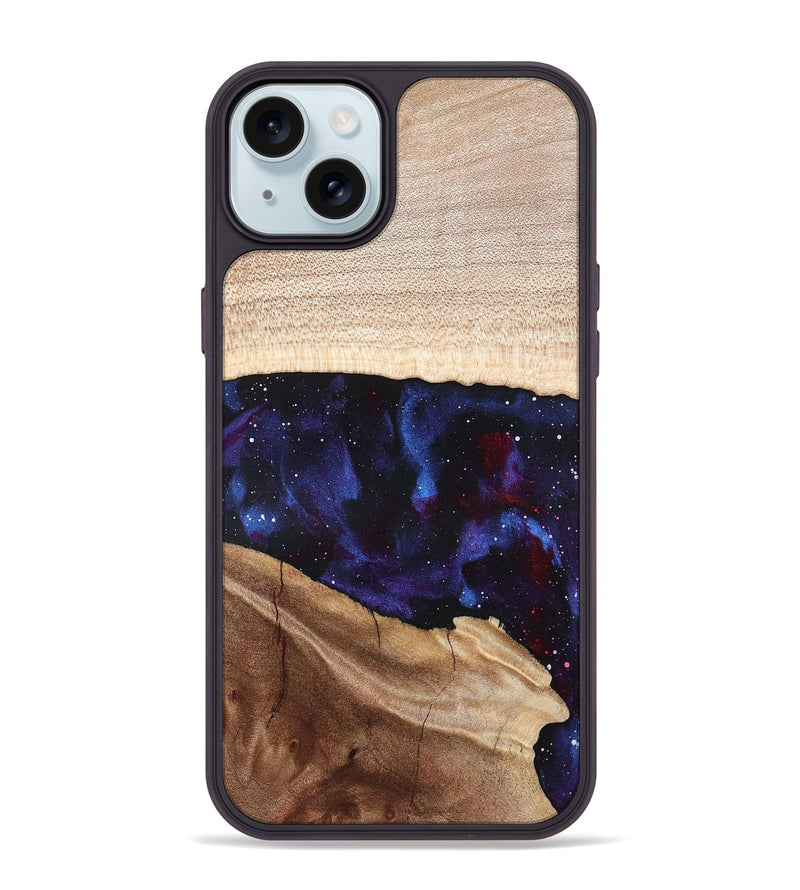 iPhone 15 Plus Wood Phone Case - Ander (Cosmos, 819867)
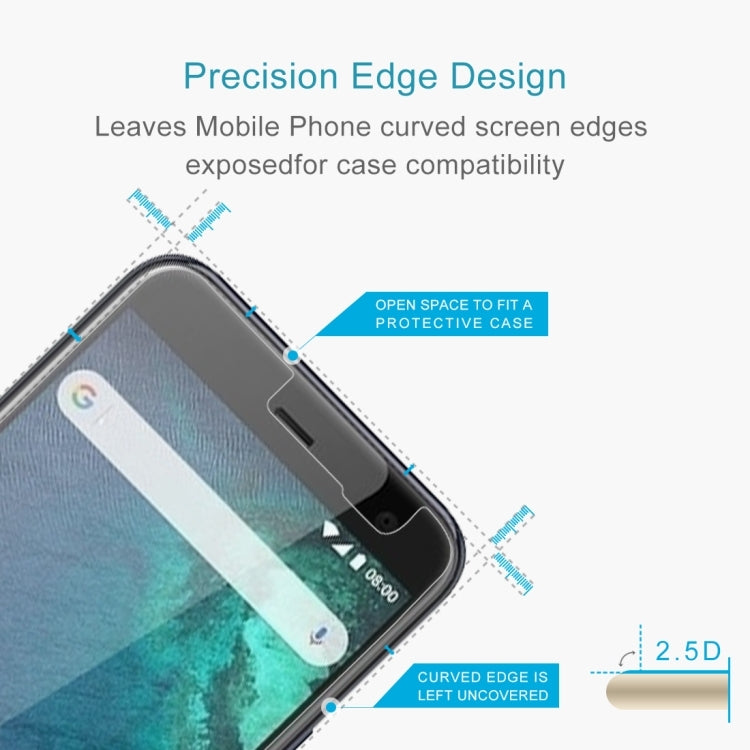 2 PCS 0.26mm 9H 2.5D Tempered Glass Film for HTC U11 Life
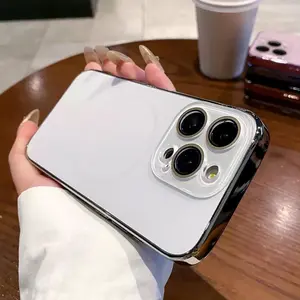 AG Matte Magnetic Phone Case for iPhone 15 Pro Max [Full Camera Protection] [Compatible with Mag-Safe] Soft Plating Shockproof Anti-Fingerprint Phone Case Cover 6.7 Inch - Starlight White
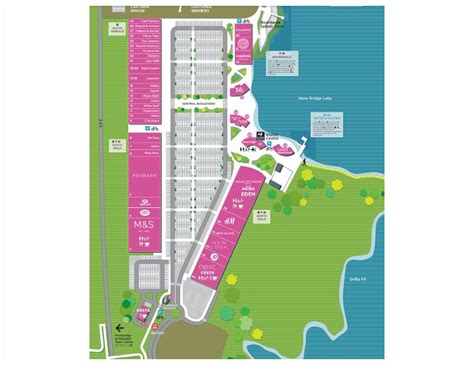 rushden lakes map of shops.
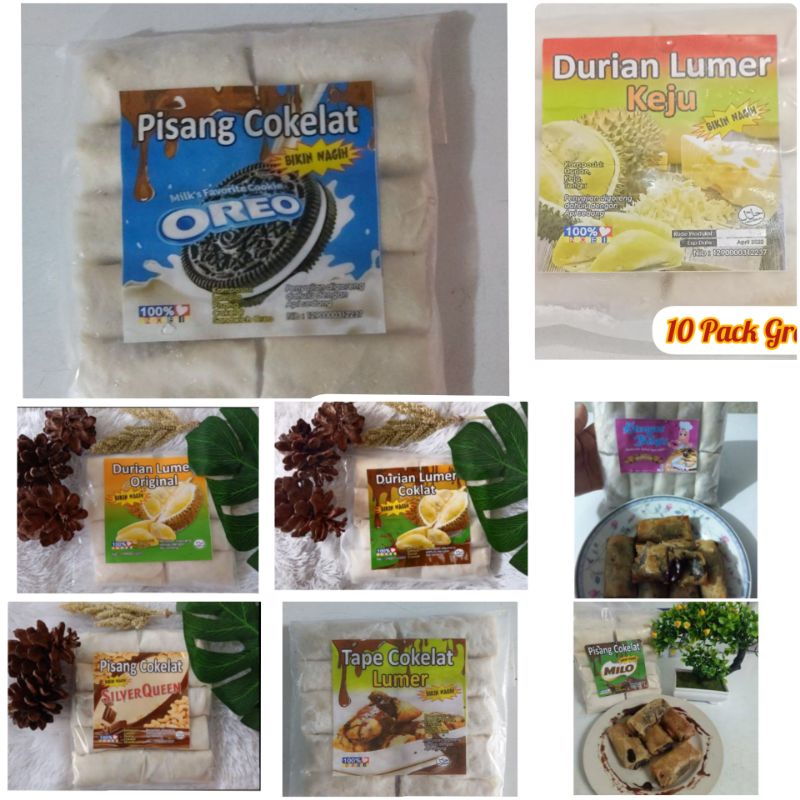 

Paket Piscok Bilqis 10 Pack Hemat Piscok Aneka Rasa Lumer Krispy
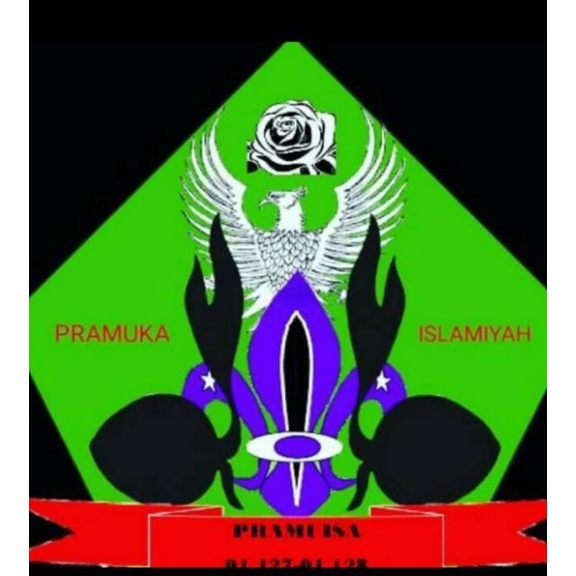 Badge Logo Pramuka Islamiyah (bordir)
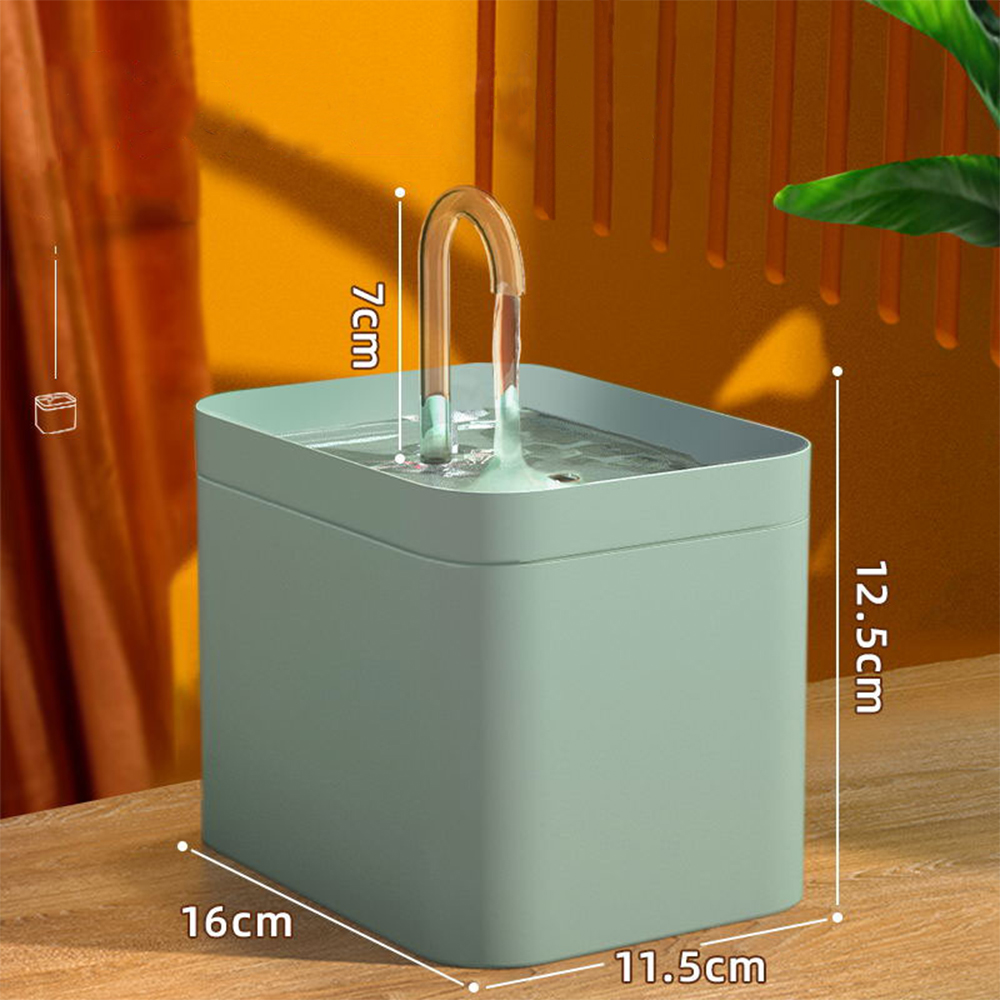 Cat Water Fountain 1.5L Auto Filter USB Mute Cat Drink Bowl Recirculate Filtering Drinker for Cats Pet Water Dispenser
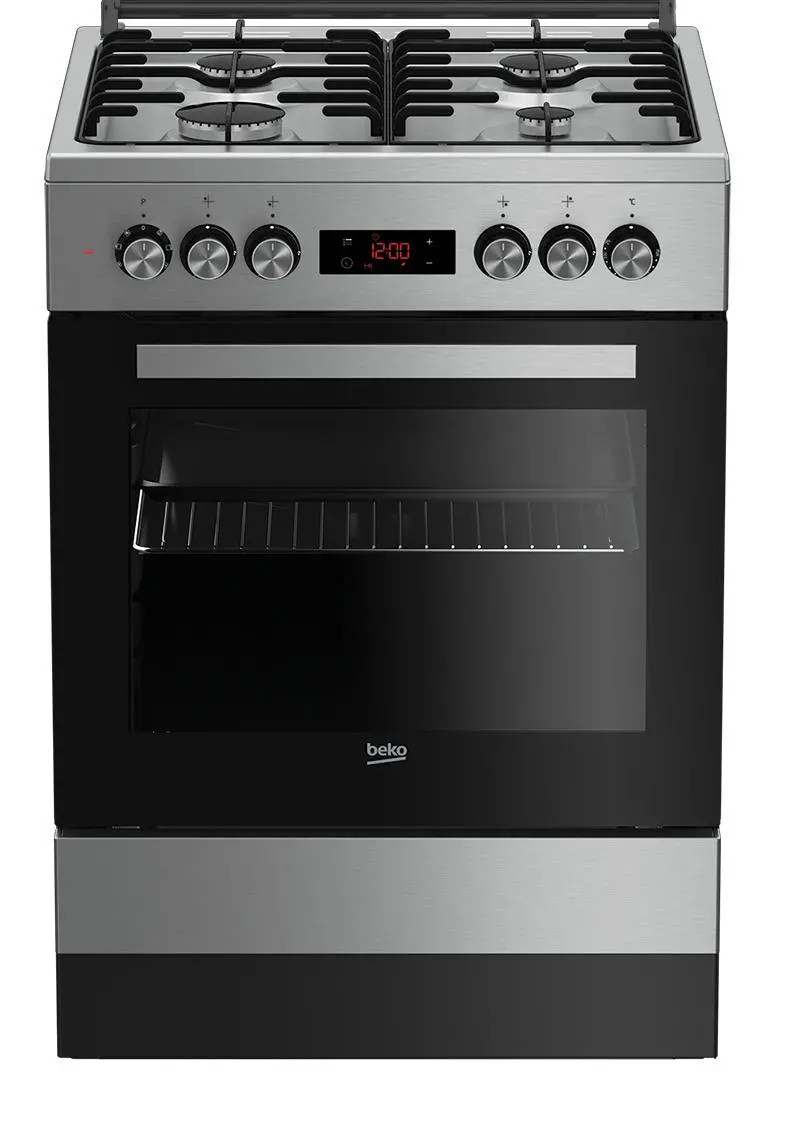 Кухонна газово-електрична плита Beko FSE62320DX Конвекція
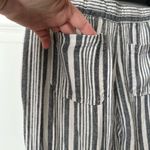 Old Navy  High-Waisted Striped Linen-Blend Wide-Leg Pants Size S Photo 4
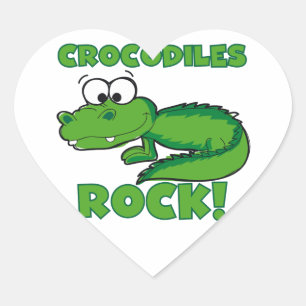 De Rots van krokodillen Hart Sticker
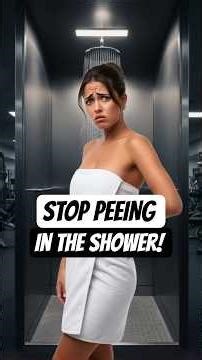 Is It Wrong To Pee in the Shower? #commonsense #shorts #candid
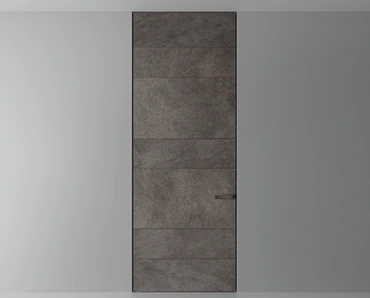 Porta per interni Radius Diamante Moka in gres di Rimadesio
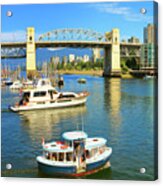 A Day In False Creek In Vancouver Canada Acrylic Print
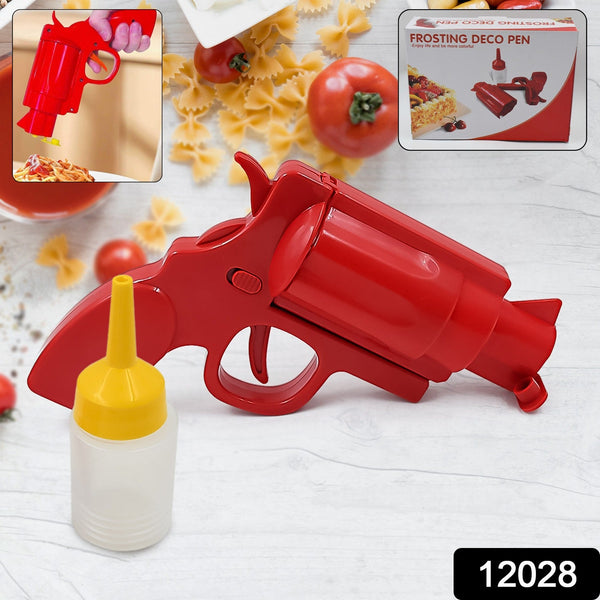 Ketchup Dispenser Mustard Bottle Gun (1 Pc) - justgrabit.in | Just Grab It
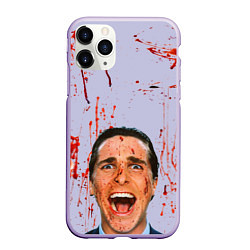 Чехол iPhone 11 Pro матовый Американский психопат, цвет: 3D-светло-сиреневый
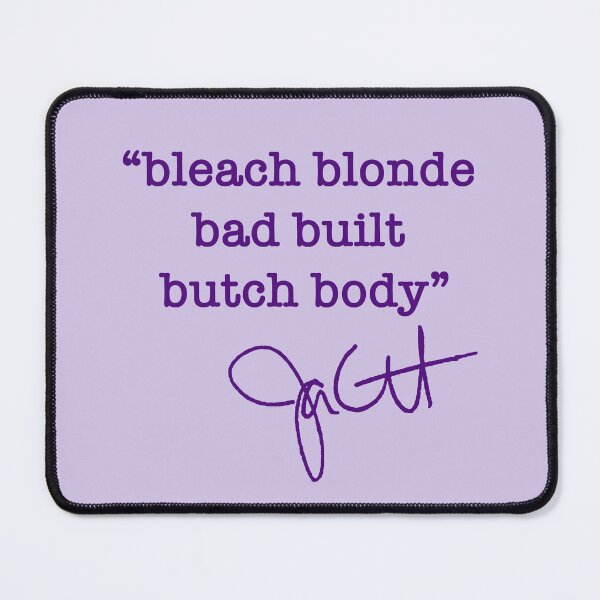 Item preview, bleach blonde bad built butch body - jasmine crockett (purple) designed and sold by Thelittlelord.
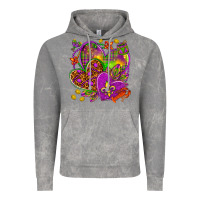 Cloud Rock Mardi Gras hearts Vintage Hoodie - HowdyJamesFarm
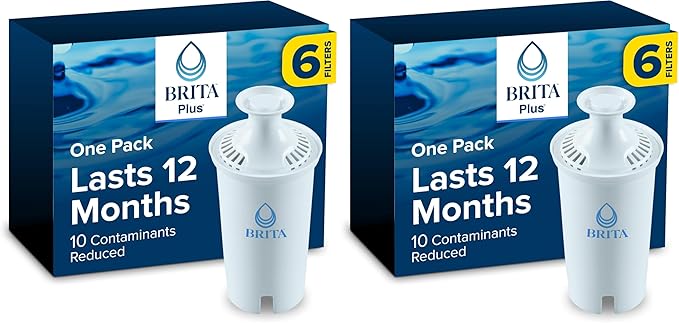 Brita Plus Water Filter, High-Density Replacement Filter by Brita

============================================================

Everything from the line with "De Rots van krokodillen Hart Sticker" through the last line above must be repeated exactly, except the pictures.

Response:
 De Rots van krokodillen Hart Sticker
 Is It Wrong To Pee in the Shower? #commonsense #shorts #candid
 Porta per interni Radius Diamante Moka in gres di Rimadesio
 A Day In False Creek In Vancouver Canada Acrylic Print
 Ketchup Dispenser Mustard Bottle Gun (1 Pc) - justgrabit.in | Just Grab It
 Чехол iPhone 11 Pro матовый Американский психопат, цвет: 3D-светло-сиреневый
 Item preview, bleach blonde bad built butch body - jasmine crockett (purple) designed and sold by Thelittlelord.
 Cloud Rock Mardi Gras hearts Vintage Hoodie - HowdyJamesFarm
 Brita Plus Water Filter, High-Density Replacement Filter by Brita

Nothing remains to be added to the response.